GOAL OF THE EXERCISE:
Output the first line below and each one after it, exactly, up to and including the line holding "Detail of purple". Pictures should not be copied.

MATERIAL SUPPLIED:
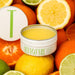 Open tin of Sicillian Citrus Tallow Balm - 70g by Tuttofare surrounded by sliced citrus fruits for skincare collection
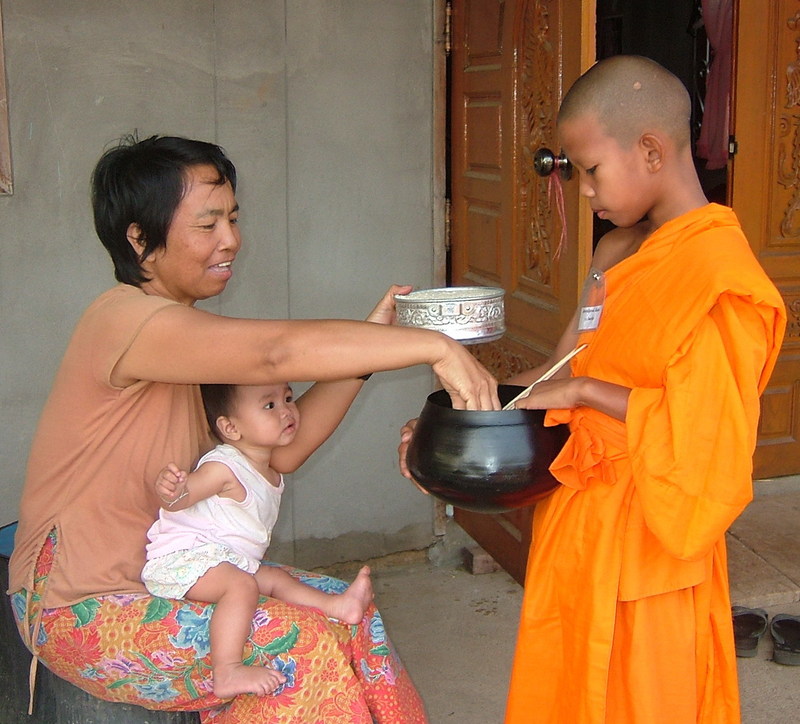 young monk sharving food with woman and baby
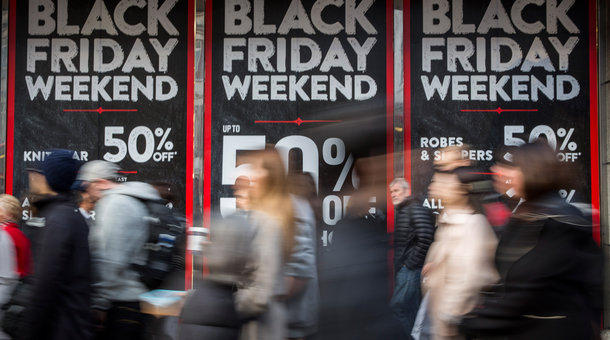 People walk past a shop advertising 'Black Friday&#039 discounts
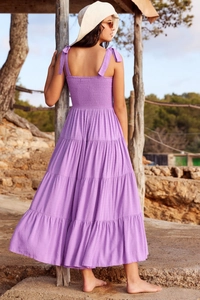Detail of purple backless tiered maxi dress showing smocked bodice and layered ruffle skirt
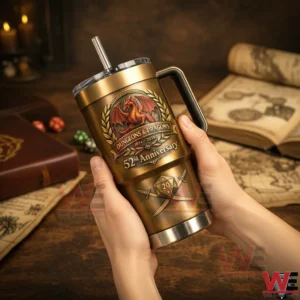 Hands holding a bronze Dungeons And Dragons 52nd anniversary tumbler with handle and straw showing a dragon crest laurel wreath and twenty sided dice emblem on a fantasy themed table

RESULT:
 Open tin of Sicillian Citrus Tallow Balm - 70g by Tuttofare surrounded by sliced citrus fruits for skincare collection
 young monk sharving food with woman and baby
 People walk past a shop advertising 'Black Friday&#039 discounts
Detail of purple backless tiered maxi dress showing smocked bodice and layered ruffle skirt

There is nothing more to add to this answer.